In response to an inquiry from the client node 550, the name node 1800 selects a plurality of data nodes 1810 into which a data block is to be written, on the basis of the data block management information 2000. The name node 1800 notifies the client node 550 of the selected data nodes 1810.
In response to an inquiry from the client node 550, the name node 1800 notifies the client node 550 of a data node 1810 storing therein a data block, on the basis of the data block management information 2000.
In response to a predetermined operation of a user, the name node 1800 performs rebalancing processing. In this case, the name node 1800 repeats processing in which a data block is relocated from a data node whose usage rate is the maximum to a data node whose usage rate is the minimum until a difference between the maximum value and the minimum value of the usage rates of the data nodes 1810 becomes less than or equal to a given percentage.

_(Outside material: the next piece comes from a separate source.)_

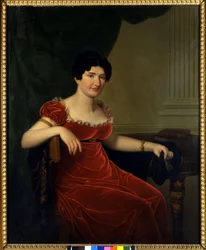 Retrato de Antonietta Fagnani Arese (1778-1847), amada del poeta italiano Ugo Foscolo (1778-1827). Pintura del siglo XIX.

In response to a predetermined operation of a user, the name node 1800 performs withdrawal processing for a data node 1810. In the withdrawal processing, for example, the name node 1800 creates a replica of a data block having been stored in a withdrawn data node 1810, in another data node 1810.

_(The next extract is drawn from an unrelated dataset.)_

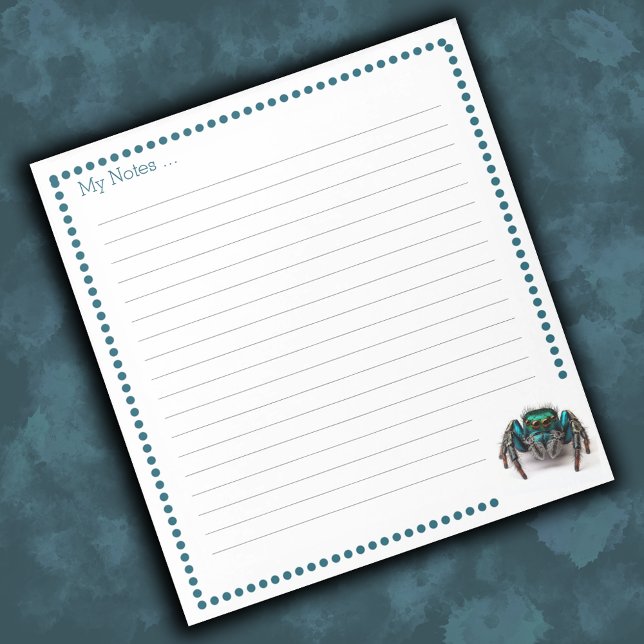 Colourful Jumping Spider Kids Notepad (Creator Uploaded)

Each of the data nodes 1810-0, 1810-2, . . . , and 1810-n is connected to one or more HDDs from among the HDDs 530-0, 530-1, . . . , and 530-m through the DAS network 540.
The data node 1810 manages a data block stored in an HDD 530 connected to the data node 1810. For example, data block management information 2100 illustrated in FIG. 21 may be used for this management. The data block management information 2100 may include a block ID identifying a data block and an HDD ID identifying an HDD 530 storing therein the data block identified by the block ID.
The data node 1810 separately manages HDDs 530 connected to the data node 1810 with separating the HDDs 530 into an HDD 530 for which the data node 1810 functions as an interface with the name node 1800 and HDDs 530 for which another data node functions as an interface with the name node 1800. Hereinafter, from among HDDs 530 connected to the data node 1810, an HDD 530 for which the data node 1810 functions as an interface with the name node 1800 is referred to as a “main management HDD”. As the usage rate of the data node 1810, the usage rate of the main management HDD of the data node 1810 is used. In addition, from among the HDDs 530 connected to the data node 1810, an HDD 530 for which another data node functions as an interface with the name node 1800 is referred to as a “sub management HDD”.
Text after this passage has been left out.